O presidente do conselho de administração da SATA, Tiago Santos, manifestou a sua oposição à proposta de privatização da Azores Airlines apresentada pelo consórcio Atlantic Connect Group. Em declarações feitas durante uma entrevista no Telejornal da RTP/Açores, Santos afirmou que a proposta “não serve os interesses da companhia, dos açorianos e do Governo Regional”.

O júri responsável pela privatização da Azores Airlines recomendou a rejeição da única proposta admitida no concurso, considerando que esta não salvaguarda os interesses da SATA e da região. Segundo o júri, a proposta colocaria a companhia aérea e a região “numa posição globalmente mais desfavorável” em comparação com a proposta anterior do mesmo consórcio, apresentada em 2023.

Tiago Santos destacou que a proposta final inclui “um conjunto de propostas adicionais” que não foram discutidas previamente e que transferem mais responsabilidades para o Governo Regional e para a SATA. Um dos pontos críticos levantados pelo presidente da SATA é a questão do preço, que, embora tenha sido incrementado, é considerado “não garantido”. O pagamento à SATA Holding dependerá de várias evoluções financeiras da Azores Airlines após a privatização.

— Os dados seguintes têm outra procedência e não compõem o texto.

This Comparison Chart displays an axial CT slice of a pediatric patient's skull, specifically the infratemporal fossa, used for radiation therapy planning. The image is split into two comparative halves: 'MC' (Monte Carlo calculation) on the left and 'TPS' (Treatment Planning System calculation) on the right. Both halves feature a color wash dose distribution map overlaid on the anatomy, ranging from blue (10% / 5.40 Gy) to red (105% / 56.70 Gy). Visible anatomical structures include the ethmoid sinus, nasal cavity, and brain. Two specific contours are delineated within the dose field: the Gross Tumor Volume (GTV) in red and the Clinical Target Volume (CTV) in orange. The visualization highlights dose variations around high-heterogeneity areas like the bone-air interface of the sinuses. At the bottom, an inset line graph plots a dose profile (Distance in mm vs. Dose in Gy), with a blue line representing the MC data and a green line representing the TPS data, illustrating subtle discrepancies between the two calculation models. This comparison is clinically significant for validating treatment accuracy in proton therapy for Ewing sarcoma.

Outro aspeto relevante é a falta de um aumento significativo de capitalização por parte do consórcio. Santos recordou que a proposta inicial previa uma injeção de 15 milhões de euros, mas a nova proposta não contempla qualquer valor a ser injetado na companhia. Além disso, a proposta altera a garantia de que todos os colaboradores da Azores Airlines seriam integrados pelo consórcio privado, uma vez que agora se prevê que os trabalhadores não voadores permaneçam na SATA Holding.

O presidente da SATA também criticou a proposta que impõe à companhia a responsabilidade por custos de manutenção futuros, mesmo quando a gestão estiver a cargo do operador privado. Santos expressou confiança na capacidade do júri para fazer uma avaliação independente da proposta recebida e afirmou que a SATA está preparada para avançar com o “plano A” ou, se necessário, com um “plano B”, que inclui a negociação particular ou venda direta.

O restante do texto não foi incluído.